Le polemiche sul costo per il consumatore sono ridicole, perchè alla fine la spesa si ridurrà in un anno intero a quella decina di euro per la quale nemmeno l’ultimo dei morti di fame batte ciglio, quando si tratta di fulminare la stessa somma in uno spritz di quarta.
Mi paiono molto più seri, se confermati, i dubbi sui beneficiari economici dell’operazione, visti i tempi e i modi e le aziende e le persone e i partiti e i politici attraverso i quali la faccenda è transitata. Ma siamo in campagna elettorale permanente e la buccia di banana plutoambientalista di Renzi potrebbe comunque tornare utile per allentare l’attenzione sul caso Boschi.

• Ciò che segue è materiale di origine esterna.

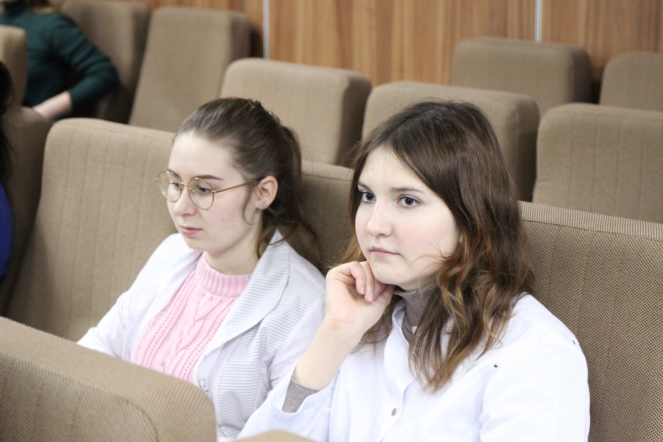 Студенты СПбГПМУ встретились с министром здравоохранения Новгородской области 3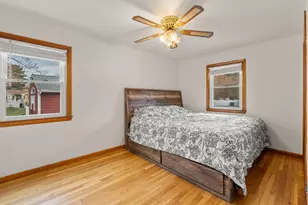 34 Locust St, Burlington, MA 01803 - Photo 14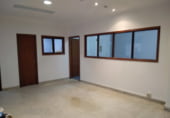 Local comercial en alquiler con 85m² en Pontevedra foto
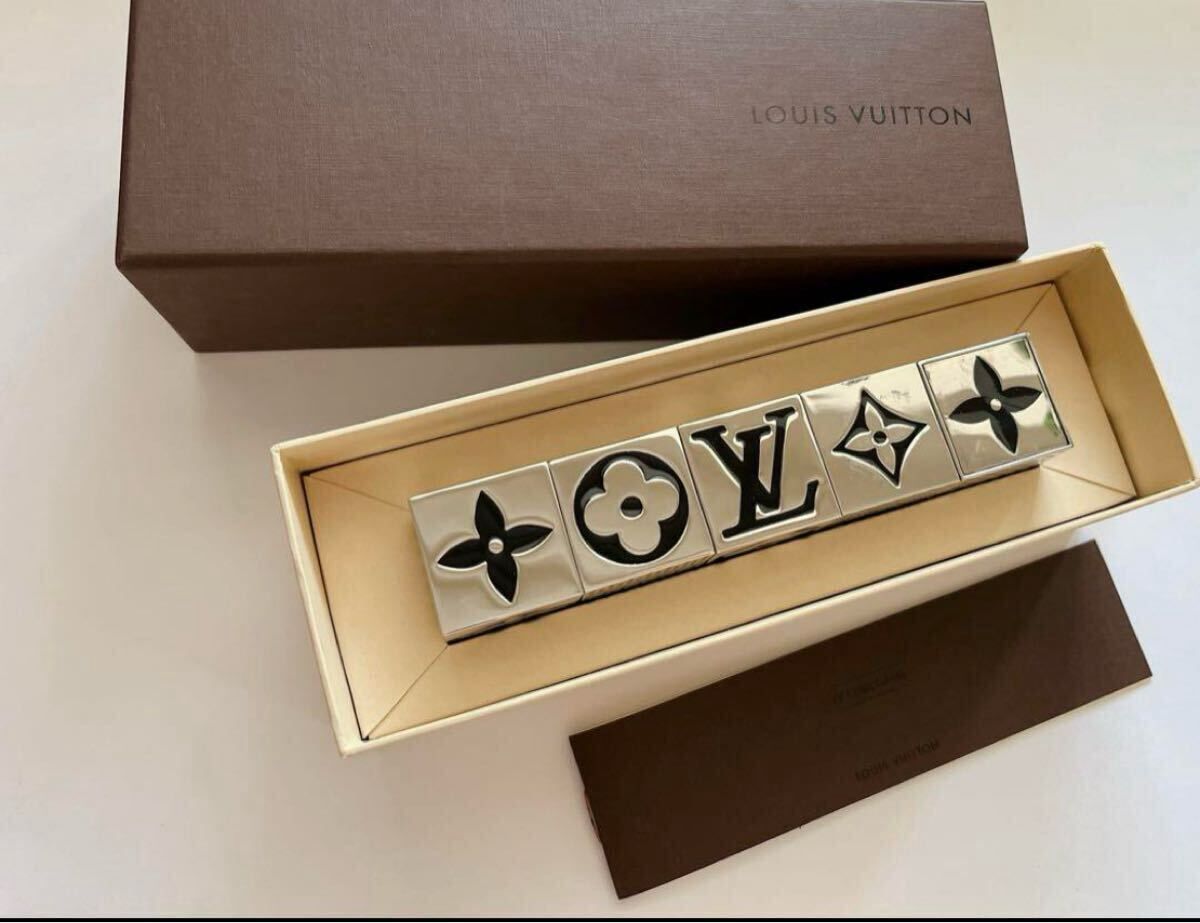 ルイヴィトン 非売品 ノベルティ ダイス Yahoo!オークション -「サイコロ ダイス」(ルイ・ヴィトン) (る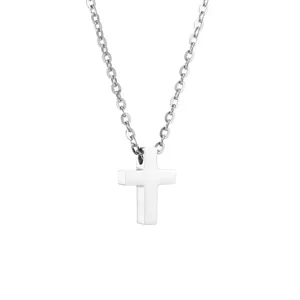 Close-up van een minimalistische kruishanger ketting van zilverkleurig rvs voor dames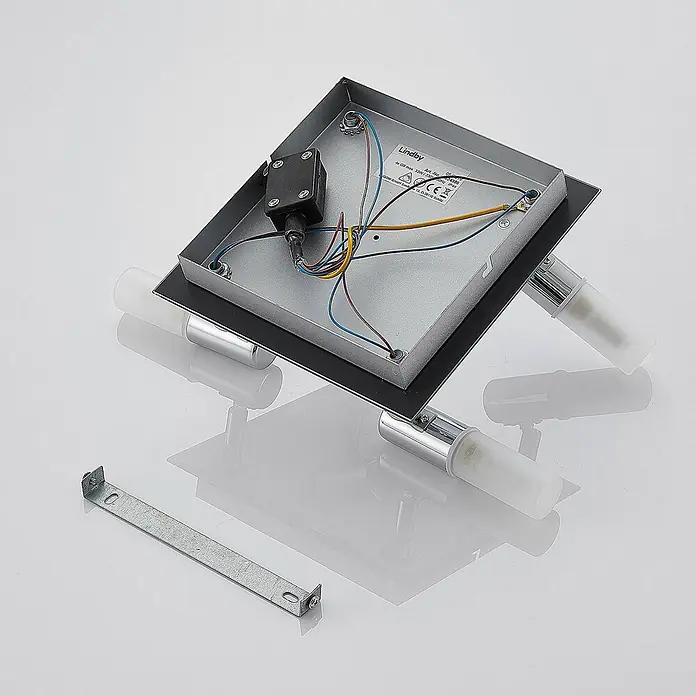 Lindby Deckenleuchte Zela - L x B x H: 32 x 32 x 11 cm, chrom / silber, G9 - Zerlegte quadratische Deckenleuchte mit silbernem Metallgehäuse, mattierten Glasschirmen und Montagebügel.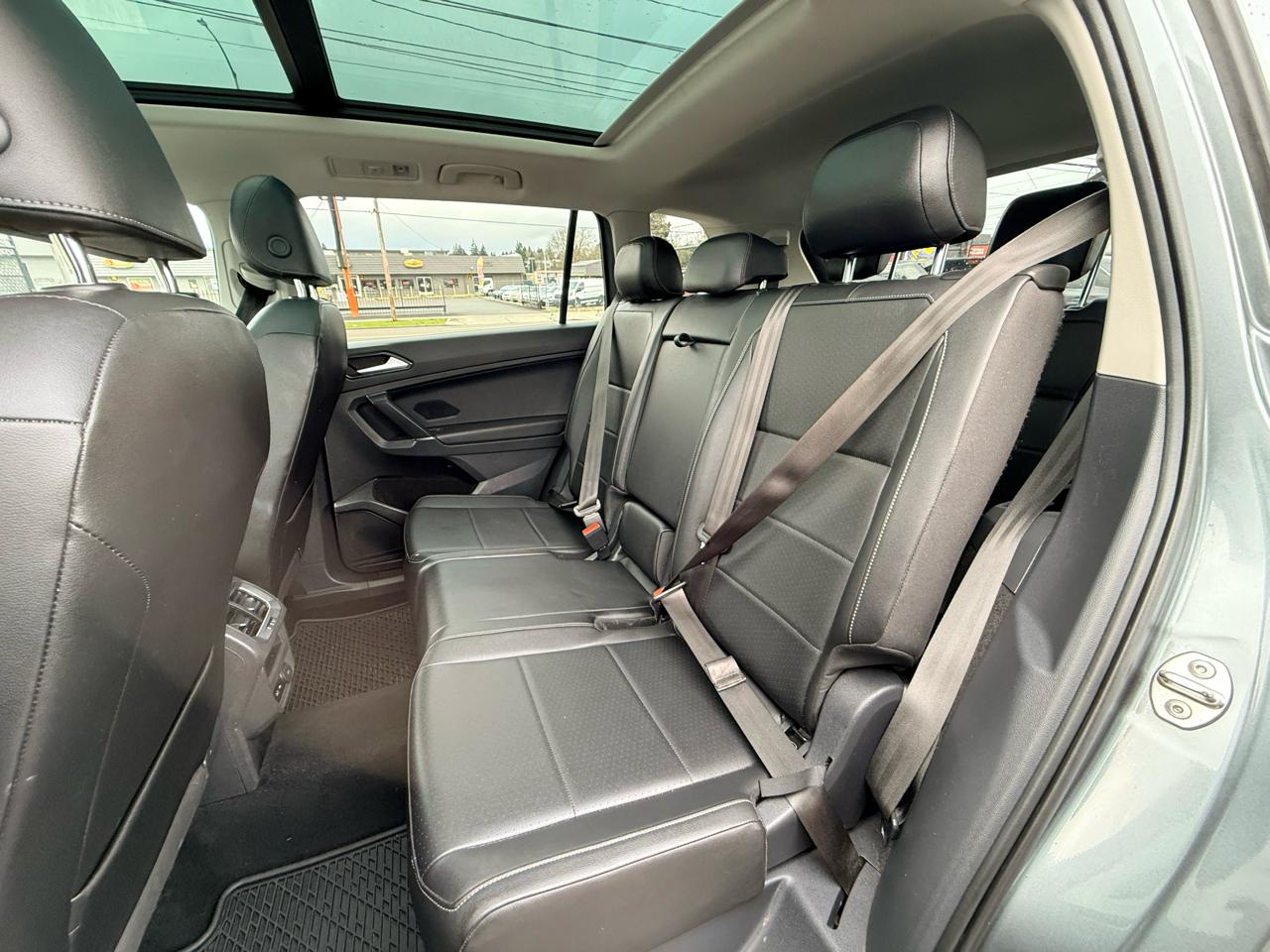 Volkswagen Tiguan SEL Premium 4D SUV 4Motion 2018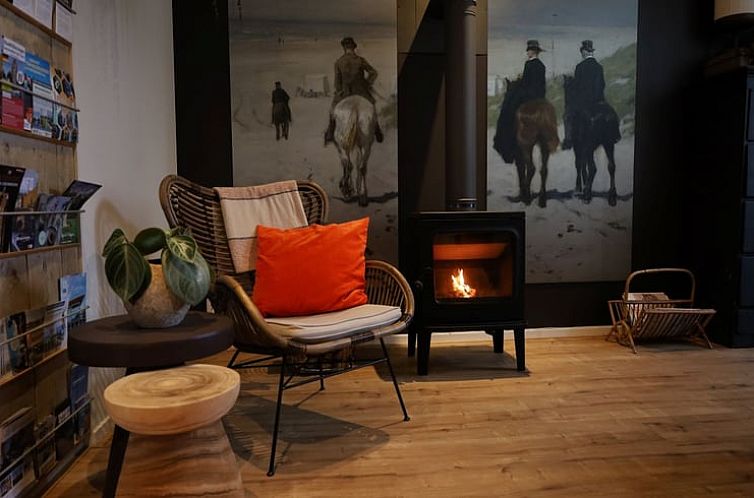 Cozy living room in Cottage in Hantum, vacation home in the Frisian countryside, Friesland.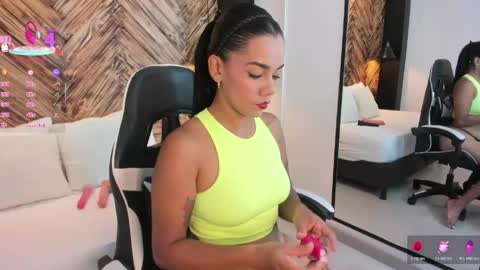 D A N A  online show from 18, 4, 2026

Personalmente trovo assai più insopportabile l’ennesima dimostrazione dell’italica vocazione per l’ufficio complicazione affari semplici e la rassegnazione dei connazionali al cospetto del medesimo. Tra l’insopportabile e divertente si collocano invece le ritorsioni vagheggiate dai cittadini: dall’appello al boicottaggio alla trovata di pesare e bollare una per una arance, albicocche e cipolle.
Poi c’è la comica della vera o presunta non riutilizzabilità. Già mi prefiguro occhiuti controllori aggirarsi attorno ai banchi frutta per esser certi che il vecchino, da sotto l’impermeabile, anzichè altro non estragga un sacchetto galeotto.
Intanto uno stimabile amico, nonchè profondo conoscitore dei meccanismi agrortofrutticoli, mi tagga con una nota che per brevità sintetizzo. Prima – dice – mettevamo la frutta dentro a un sacchetto e pagavamo quei 5 grammi al costo del contenuto: poco se c’erano patate, carissimo se c’erano ciliege. Oggi quel sacchetto lo pagheremo a prezzo fisso. Però nessuno si chiede quanto è stato pagato all’agricoltore il contenuto del sacchetto. Magari le arance vendute a 2 euro sono state pagate al produttore 20 centesimi. Complimenti a tutti per aver visto il dito invece della luna!.